Let $G$ be a group, let $N$ be a normal subgroup of $G$ and let $S$ be a subgroup of $G$. If $S \cap N$ is normal in $N$ and $N / S\cap N$ is free abelian, is $S$ normal in $SN$?
I guess this is not true, but does $SN / S$ have a group structure?
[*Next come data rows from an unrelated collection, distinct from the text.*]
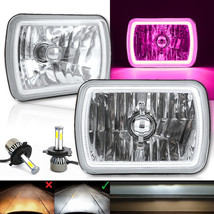 7X6 Pink SMD Halo Glass Metal Headlight 20/40w 6K LED Light Bulb Headlamp Pair - £159.87 GBP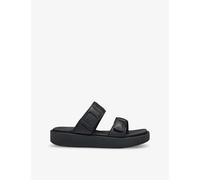 Hugo Womens Black Logo-badge Flat Leather Sandals Eur 37 / 4 Uk Women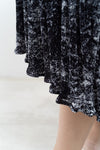 Asymmetrical Frills Midi Dress (Black)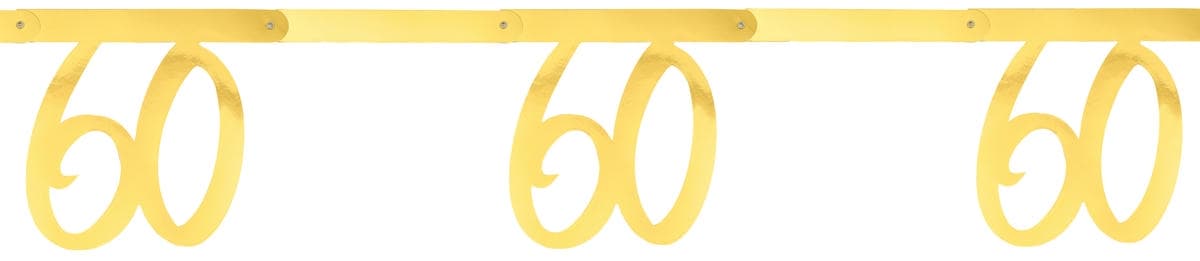 Banneri - Kultainen: Nro: 60, 20x18cm/250cm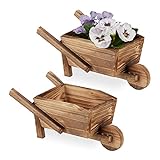 Relaxdays Pflanzschubkarre 2er Set, gebranntes Holz, Gartendeko, Vintage Design, zum...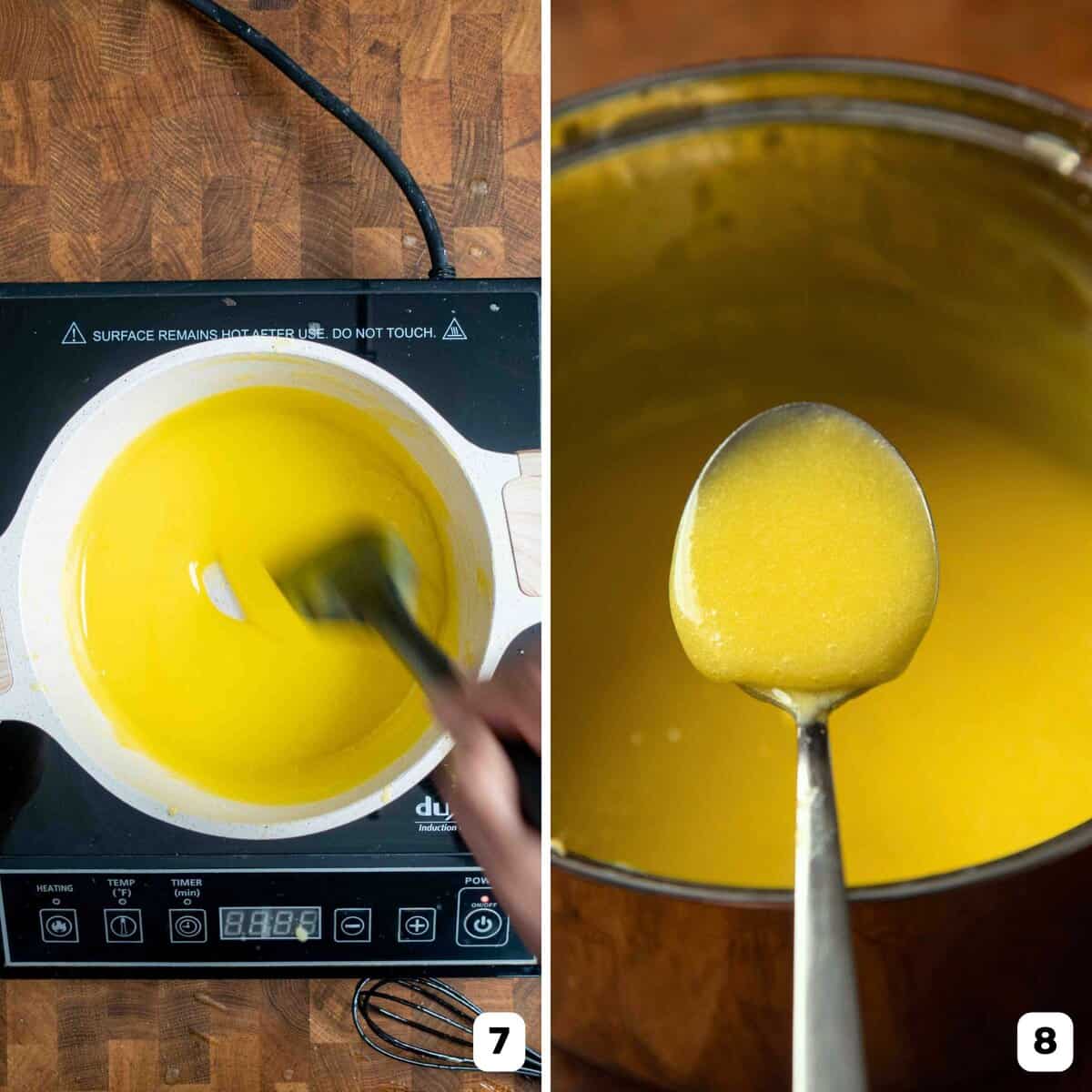 Cooking the lime curd on the stove and checking the consistency with a spoon.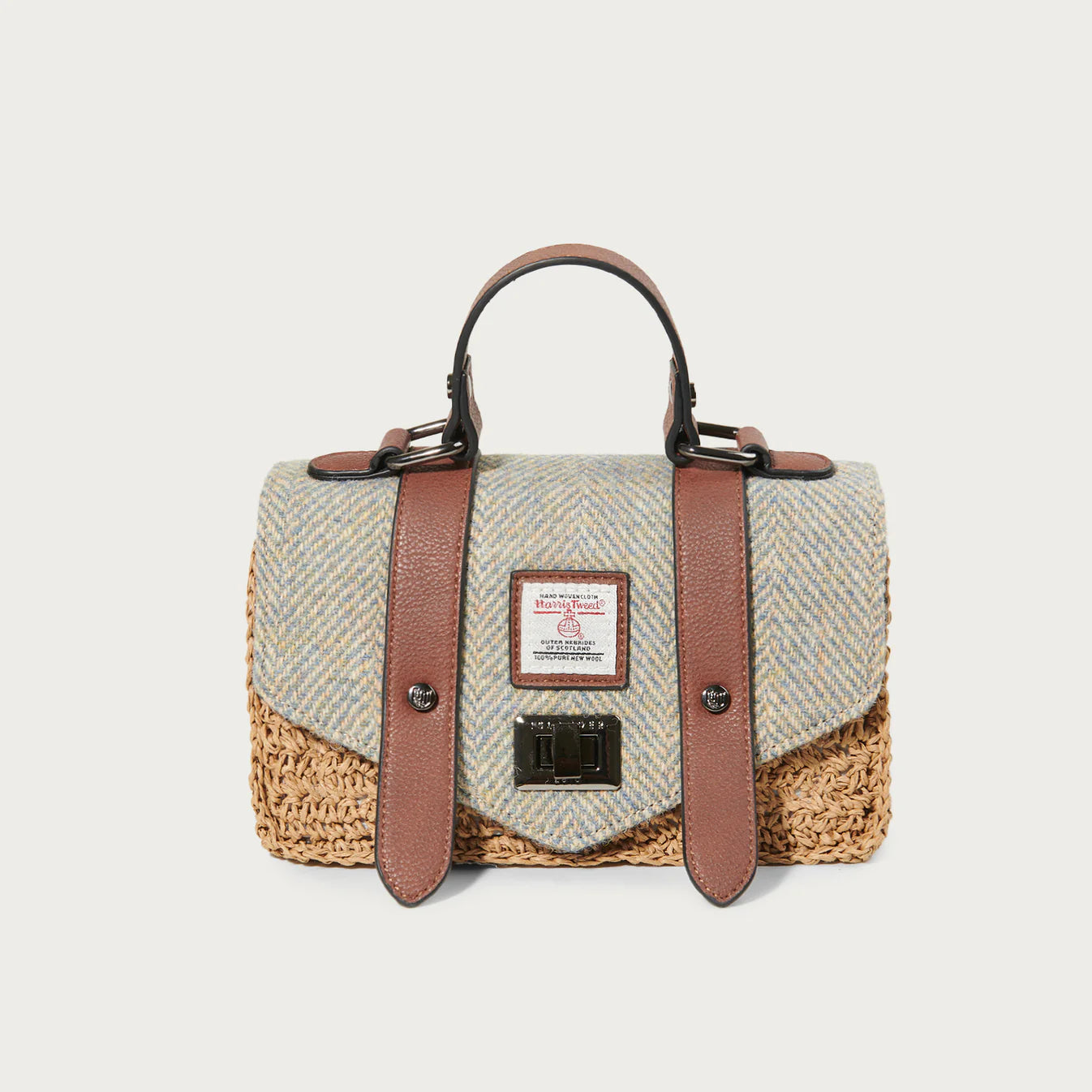 ISLANDER UK, THE MINI STRAW SATCHEL, BLUE / CREAM HERRING BONE HARRIS TWEED, H:13cm W:21cm D:8.5cm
If I consider the set of left cosets of $SN$ in $S$, there is a still a bijection $$\{ g S \cap N \mid g\in N \} \mapsto \{g S \mid g\in SN\},$$ so can we define an operation in $SN/ S$ based on that bijection?
On
Let $$ G= \left(% \begin{array}{cc} \pm1 & \mathbb{Z} \\ 0 & \pm1 \\ \end{array}% \right),\ N= \left(% \begin{array}{cc} 1 & \mathbb{Z} \\ 0 & 1 \\ \end{array}% \right),\ S= \left(% \begin{array}{cc} \pm1 & 0 \\ 0 & \pm1 \\ \end{array}% \right). $$ Then $N$ is a normal subgroup of $G$, $NS=G$, $S\cap N=\{e\}$, and $N/S\cap N\cong\mathbb{Z}$. However, $S$ is not a normal subgroup in $G$. Further, if $g\in N$, then $gS\cap N=\{g\}$ and the operation on $SN/S$ can be defined, but whether it will be useful is not clear.
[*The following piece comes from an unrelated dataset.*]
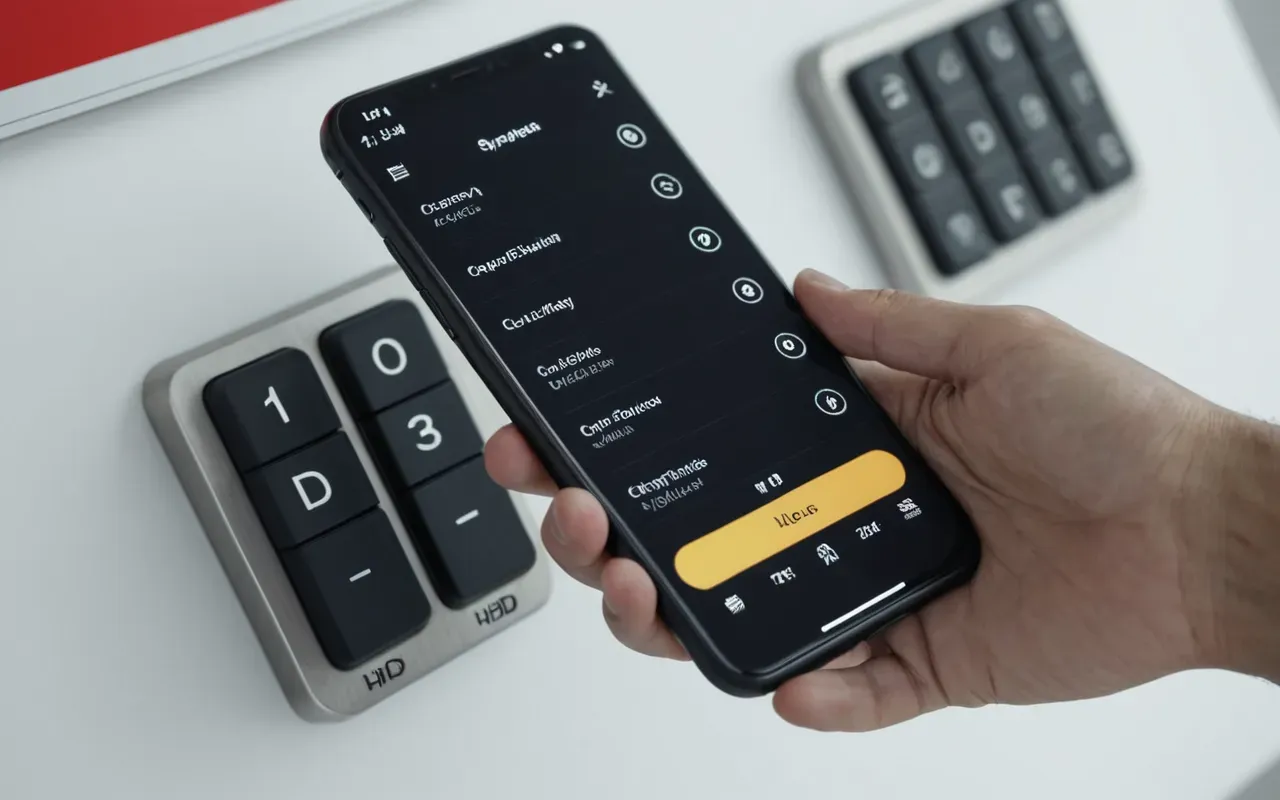 A person's hand interacting with a smartphone settings menu on a bright white background. The screen shows abstract toggle switches and sliders representing system preferences without any visible text or readable characters to maintain visual neutrality.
In general, no, you don't know if $S$ is normal in $SN$. Here's an example: take $N=\mathbb{Z}\times\mathbb{Z}$, $S=C_2$, the cyclic group of order $2$ generated by $x$, and let $S$ act on $N$ by exchanging coordinates. Then let $G=N\rtimes S$.
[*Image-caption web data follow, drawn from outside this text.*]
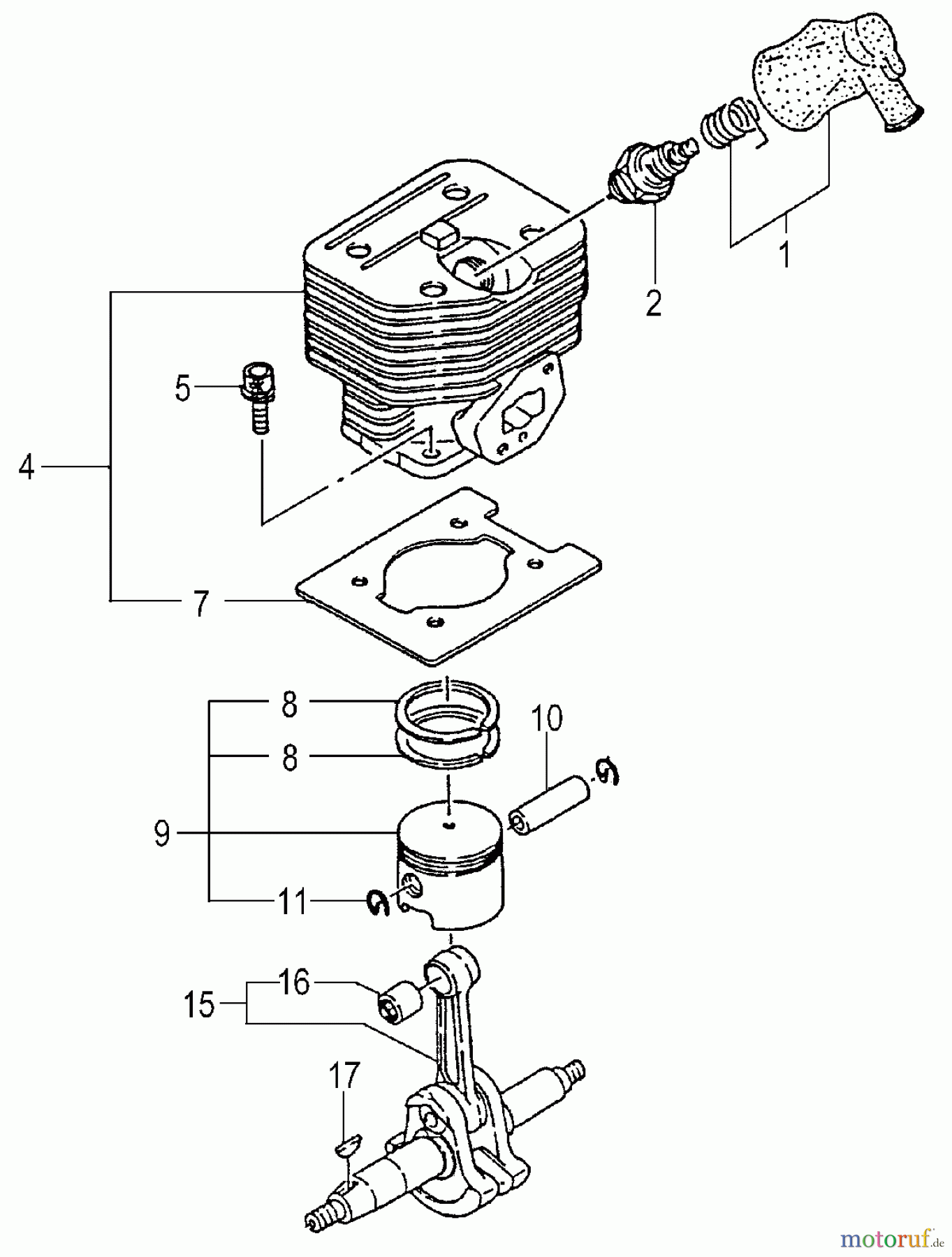  Tanaka Motoren TC-355 - Tanaka Utility / Scooter Engine Cylinder, Piston, Crankshaft
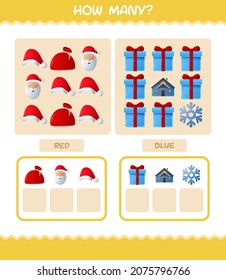 How many cartoon christmas. Counting game. Educational game for pre shool years kids and toddlers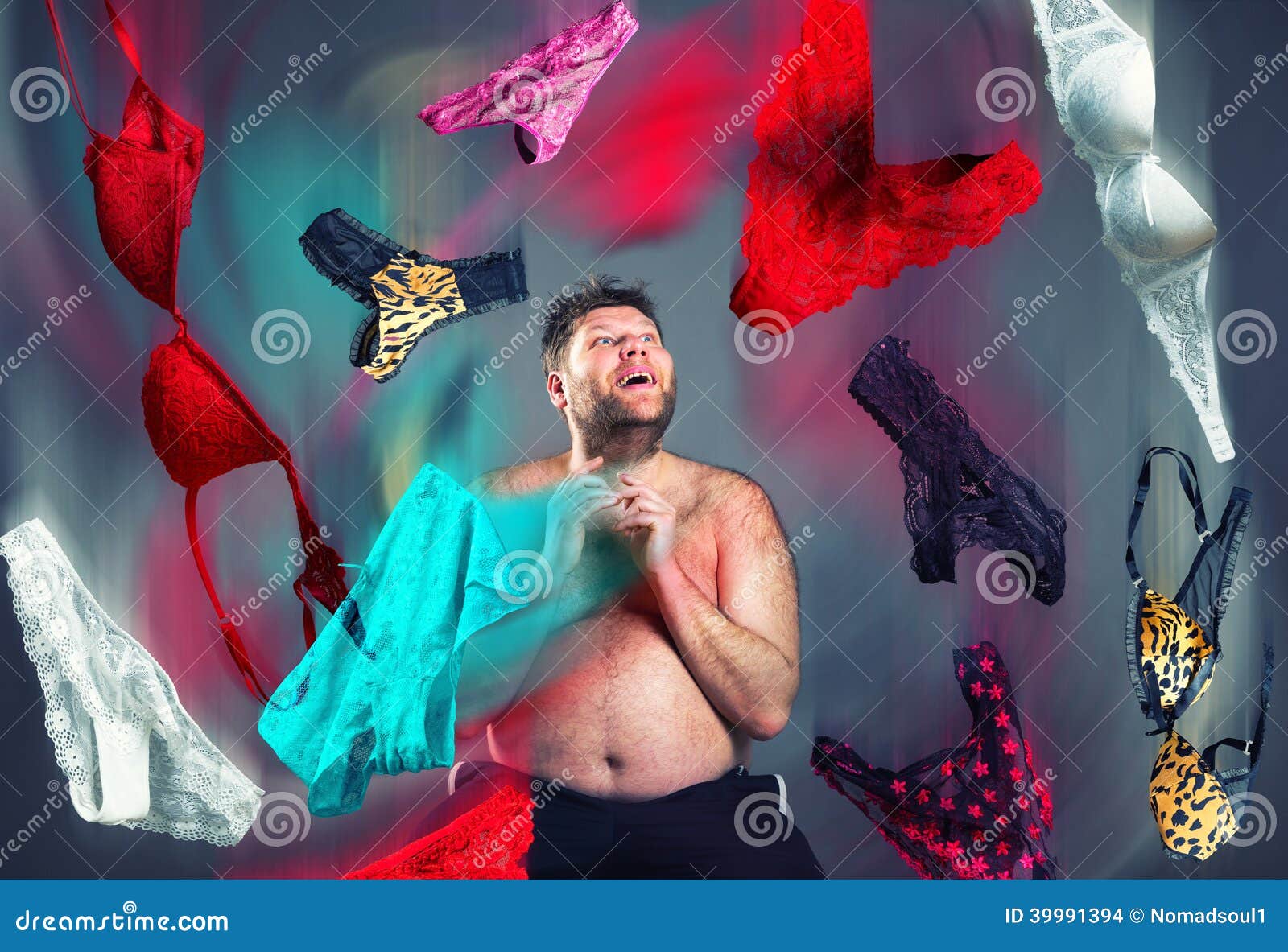 Man Looking at Flying Womans Underwear Stock Photo - Image of motion ...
Then $S\cap N$ is trivial, which is normal in $N$; $N/(S\cap N)=N$ which is free abelian. $SN=G$. But $S$ is not normal in $G$, since for instance $$ \bigl((1,0),e\bigr)^{-1}\bigl((0,0),x\bigr)\bigl( (1,0),e\bigr) = \bigl( (-1,0),e\bigr)\bigl( (0,1),x\bigr) = \bigl( (-1,1),x\bigr)\notin S.$$
You are giving a bijection between the cosets of $S\cap N$ in $N$ and the cosets of $S$ in $SN$ by identifying the coset $n(S\cap N)$, $n\in N$, with the coset $nS$. This works, in that $n(S\cap N)=m(S\cap N)$ if and only if $m^{-1}n\in S\cap N\subseteq S$, hence $nS = mS$. Conversely, if $nS=mS$ then $m^{-1}n\in S$ and $m^{-1}n\in N$, so $n(S\cap N)=m(S\cap N)$. Thus the map is injective. And finally, any coset of $S$ in $SN$ is of the form $(sn)S$ for some $s\in S$, $n\in N$, which we can rewrite as $(sn)S = (sns^{-1})sS = (sns^{-1})S$, and $sns^{-1}\in N$, so every coset is of this form.
So you can certainly use transport of structure to give the cosets of $S$ in $SN$ the same group structure as $N/(S\cap N)$. The problem is that this group structure is not particularly natural.
Why? Because we don't get that $(xS)(yS)$ is necessarily equal to $xyS$ when $x,y \in SN$. Write $x=sn$, $y=s'n'$. Then as above, we have that $x$ corresponds to the coset $sns^{-1}(S\cap N)$, and $y$ corresponds to the coset $s'n'(s')^{-1}(S\cap N)$, so the "product" we are defining using transport of structure is that $$(xS)\odot(yS) = \Bigl( (sn)S\Bigr)\odot\Bigl((s'n')S\Bigr) = (sns^{-1})(s'n'(s')^{-1})S.$$ By contrast, $xyS = (sn)(s'n') = (ss')\bigl((s')^{-1}ns'\bigr)n'$, so this corresponds to the coset $(s')^{-1}ns'n'S$. And in general, you do not have $$(sns^{-1})(s'n'(s')^{-1})S = (s')^{-1}ns'n'S.$$ So the group structure you are giving to the cosets of $S$ in $SN$ is not the "natural" one, which probably makes it not particularly useful. You might as well give it a group structure by bijecting with a suitable free abelian group.